L'examen détaillé, par ministère, des annulations confirme qu'il n'y a pas de rabot. N'y voyez là aucune magie budgétaire : comme l'an dernier, nous constatons une inflation nettement plus faible que prévu, ce qui dégage des marges de manoeuvre budgétaires. Le chauffage, les carburants coûtent moins cher, comme tous les autres achats, ponctuels ou dans le cadre de marchés pluriannuels dont les prix dépendent d'indices sectoriels eux-mêmes corrélés à l'inflation. Nous reprenons ces gains de pouvoir d'achat aux gestionnaires publics pour que leur capacité réelle à dépenser soit strictement celle votée en loi de finances initiale. Je rappelle que l'inflation anticipée était de 1 %.
Troisième principe, les annulations portent, dans leur quasi-totalité, sur des crédits dits « frais », c'est-à-dire hors réserve de précaution. Cette réserve, accrue de 1,8 milliard d'euros par le gel des reports de crédits, est préservée et nous permettra de financer le solde des dépenses nouvelles engagées sur 2016. L'augmentation de la réserve de précaution peut susciter des craintes mais, je le rappelle, cette réserve, comme son nom l'indique, est mise en place par simple précaution. Tous les crédits mis en réserve n'ont pas vocation à être annulés, loin de là. S'ils le sont, ce n'est que pour une raison : le risque que l'autorisation globale de dépenses accordée par le Parlement en loi de finances initiale ne soit pas respectée. Il y a beaucoup de fantasmes autour de cette réserve de précaution, dont la base juridique est d'ailleurs incontestable, mais les faits sont là : en 2015, nous n'avons annulé que 2,4 milliards d'euros de crédits gelés, soit à peine plus de 1 % des dépenses des ministères – et nous n'avions pas besoin d'annuler davantage pour respecter votre autorisation.
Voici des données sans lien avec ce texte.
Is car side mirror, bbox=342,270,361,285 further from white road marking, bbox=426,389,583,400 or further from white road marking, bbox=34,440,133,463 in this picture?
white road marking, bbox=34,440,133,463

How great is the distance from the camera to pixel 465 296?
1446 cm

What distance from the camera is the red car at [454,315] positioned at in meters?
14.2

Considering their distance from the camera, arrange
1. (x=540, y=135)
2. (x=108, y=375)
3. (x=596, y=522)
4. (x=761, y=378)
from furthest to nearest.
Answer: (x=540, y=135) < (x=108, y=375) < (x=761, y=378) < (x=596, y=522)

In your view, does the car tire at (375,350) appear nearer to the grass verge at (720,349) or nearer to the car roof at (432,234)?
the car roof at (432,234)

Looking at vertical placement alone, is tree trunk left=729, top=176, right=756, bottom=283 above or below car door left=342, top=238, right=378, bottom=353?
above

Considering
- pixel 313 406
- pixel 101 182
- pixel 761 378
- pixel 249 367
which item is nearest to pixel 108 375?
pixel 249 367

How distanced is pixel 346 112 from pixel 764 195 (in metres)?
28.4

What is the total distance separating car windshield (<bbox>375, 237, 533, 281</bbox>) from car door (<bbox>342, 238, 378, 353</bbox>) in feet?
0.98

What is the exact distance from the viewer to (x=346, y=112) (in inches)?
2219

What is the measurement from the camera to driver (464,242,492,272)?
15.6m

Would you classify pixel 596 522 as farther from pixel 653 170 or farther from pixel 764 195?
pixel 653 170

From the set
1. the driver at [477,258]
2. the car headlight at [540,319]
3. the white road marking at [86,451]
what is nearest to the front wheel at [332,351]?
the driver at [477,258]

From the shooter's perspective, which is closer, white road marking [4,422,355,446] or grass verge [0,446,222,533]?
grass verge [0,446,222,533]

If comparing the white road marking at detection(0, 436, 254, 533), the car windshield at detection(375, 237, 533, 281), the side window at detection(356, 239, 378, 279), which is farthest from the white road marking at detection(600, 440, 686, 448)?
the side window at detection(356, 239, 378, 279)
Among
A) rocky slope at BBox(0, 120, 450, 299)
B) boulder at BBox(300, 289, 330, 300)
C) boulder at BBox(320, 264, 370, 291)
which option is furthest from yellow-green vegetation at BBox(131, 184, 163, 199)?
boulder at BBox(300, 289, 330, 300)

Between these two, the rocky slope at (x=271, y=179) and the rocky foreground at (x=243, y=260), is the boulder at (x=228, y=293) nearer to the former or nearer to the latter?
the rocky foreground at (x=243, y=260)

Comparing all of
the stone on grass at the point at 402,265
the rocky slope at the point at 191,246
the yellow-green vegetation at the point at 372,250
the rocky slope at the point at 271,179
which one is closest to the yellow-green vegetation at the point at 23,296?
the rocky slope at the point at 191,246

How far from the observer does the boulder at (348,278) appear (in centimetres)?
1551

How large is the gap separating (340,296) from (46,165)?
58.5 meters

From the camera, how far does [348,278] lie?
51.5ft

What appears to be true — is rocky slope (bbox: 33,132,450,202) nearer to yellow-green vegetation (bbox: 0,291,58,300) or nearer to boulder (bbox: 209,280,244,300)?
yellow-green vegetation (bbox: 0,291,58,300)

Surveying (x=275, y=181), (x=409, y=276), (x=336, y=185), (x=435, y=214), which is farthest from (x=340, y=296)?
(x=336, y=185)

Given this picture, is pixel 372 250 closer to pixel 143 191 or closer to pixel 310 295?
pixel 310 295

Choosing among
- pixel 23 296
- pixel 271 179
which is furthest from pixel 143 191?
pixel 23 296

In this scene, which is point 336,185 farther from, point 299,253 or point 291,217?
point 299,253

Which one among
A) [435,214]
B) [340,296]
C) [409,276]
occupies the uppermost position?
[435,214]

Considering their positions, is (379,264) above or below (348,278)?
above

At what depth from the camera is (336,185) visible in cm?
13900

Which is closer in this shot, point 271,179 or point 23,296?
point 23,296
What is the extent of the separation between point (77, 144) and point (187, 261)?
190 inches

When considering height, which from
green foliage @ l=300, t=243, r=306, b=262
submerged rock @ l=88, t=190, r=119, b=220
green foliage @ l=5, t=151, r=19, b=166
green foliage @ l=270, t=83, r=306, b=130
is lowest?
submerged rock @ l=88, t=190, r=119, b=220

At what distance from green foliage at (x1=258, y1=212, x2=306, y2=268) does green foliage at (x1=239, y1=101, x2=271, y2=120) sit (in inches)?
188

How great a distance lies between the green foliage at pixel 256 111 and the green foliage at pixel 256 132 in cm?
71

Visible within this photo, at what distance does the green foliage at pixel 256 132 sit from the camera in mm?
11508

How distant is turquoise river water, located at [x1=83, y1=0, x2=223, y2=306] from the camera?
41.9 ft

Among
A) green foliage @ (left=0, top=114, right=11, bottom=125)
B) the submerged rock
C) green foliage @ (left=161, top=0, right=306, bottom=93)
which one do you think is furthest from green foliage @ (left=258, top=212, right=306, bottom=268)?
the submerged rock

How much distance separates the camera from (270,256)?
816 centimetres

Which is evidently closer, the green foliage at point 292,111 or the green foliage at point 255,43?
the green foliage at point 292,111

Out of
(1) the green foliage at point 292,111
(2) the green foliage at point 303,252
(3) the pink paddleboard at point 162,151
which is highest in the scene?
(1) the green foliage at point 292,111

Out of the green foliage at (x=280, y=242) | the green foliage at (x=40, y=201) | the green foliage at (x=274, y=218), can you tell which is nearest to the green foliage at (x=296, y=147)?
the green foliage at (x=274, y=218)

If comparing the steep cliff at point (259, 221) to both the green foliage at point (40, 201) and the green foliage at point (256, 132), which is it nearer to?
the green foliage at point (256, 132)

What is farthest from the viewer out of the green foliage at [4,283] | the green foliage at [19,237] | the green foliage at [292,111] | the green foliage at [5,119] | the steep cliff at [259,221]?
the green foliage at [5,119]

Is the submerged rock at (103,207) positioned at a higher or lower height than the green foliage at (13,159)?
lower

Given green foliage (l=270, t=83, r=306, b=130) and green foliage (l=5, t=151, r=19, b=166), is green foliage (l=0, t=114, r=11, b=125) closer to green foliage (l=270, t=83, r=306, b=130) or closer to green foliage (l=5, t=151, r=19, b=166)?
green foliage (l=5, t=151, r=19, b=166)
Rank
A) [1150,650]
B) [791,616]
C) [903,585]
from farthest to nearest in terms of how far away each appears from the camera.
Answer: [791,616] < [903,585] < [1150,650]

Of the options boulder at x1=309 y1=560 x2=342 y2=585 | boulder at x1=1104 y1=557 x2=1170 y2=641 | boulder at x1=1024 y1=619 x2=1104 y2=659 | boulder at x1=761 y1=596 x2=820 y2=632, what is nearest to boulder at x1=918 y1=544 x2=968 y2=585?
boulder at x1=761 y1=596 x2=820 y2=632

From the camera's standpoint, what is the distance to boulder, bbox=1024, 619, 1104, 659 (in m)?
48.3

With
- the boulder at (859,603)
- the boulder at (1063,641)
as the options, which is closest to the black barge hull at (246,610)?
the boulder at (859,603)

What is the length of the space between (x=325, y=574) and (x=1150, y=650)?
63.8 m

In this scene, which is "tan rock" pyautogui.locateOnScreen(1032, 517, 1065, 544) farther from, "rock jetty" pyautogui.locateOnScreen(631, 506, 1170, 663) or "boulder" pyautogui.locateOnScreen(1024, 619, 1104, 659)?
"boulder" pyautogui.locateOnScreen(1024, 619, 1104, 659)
Le respect de l'autorisation parlementaire est bien tout l'objectif de la réserve de précaution : si nous mettons de côté une partie des crédits en début d'année, c'est pour vous garantir qu'à la fin de l'année, la cible de dépenses que vous avez votée sera respectée.
Ce souci constant de respecter le Parlement est le quatrième et dernier principe sur lequel se fonde ce décret d'avance. Nous voulons procéder dans la plus grande transparence, afin de permettre à la représentation nationale de jouer son rôle de contrôle budgétaire de l'exécutif. Nous respectons bien entendu l'article 13 de la LOLF : vous disposez d'un délai de sept jours pour émettre un avis sur ce décret d'avance. Puis vous pourrez décider de ratifier ou de ne pas ratifier ces mouvements de crédits en loi de finances rectificative. Pour que vous puissiez émettre un avis en toute connaissance de cause, je suis aujourd'hui à votre disposition pour répondre de manière détaillée toutes vos questions, et mes équipes sont à la disposition de votre rapporteure générale pour lui apporter toute information utile.
Pour résumer, ce décret finance un milliard d'euros de dépenses engagées en faveur de l'emploi et des agriculteurs, dont l'urgence nécessite des ouvertures de crédits sans attendre le collectif budgétaire de fin d'année. C'est une première étape car, comme votre rapporteure générale l'a montré au moment du programme de stabilité, nous devons financer autour de 4 milliards d'euros de dépenses nouvelles.
Je sais que vous avancez des chiffres différents, monsieur le président.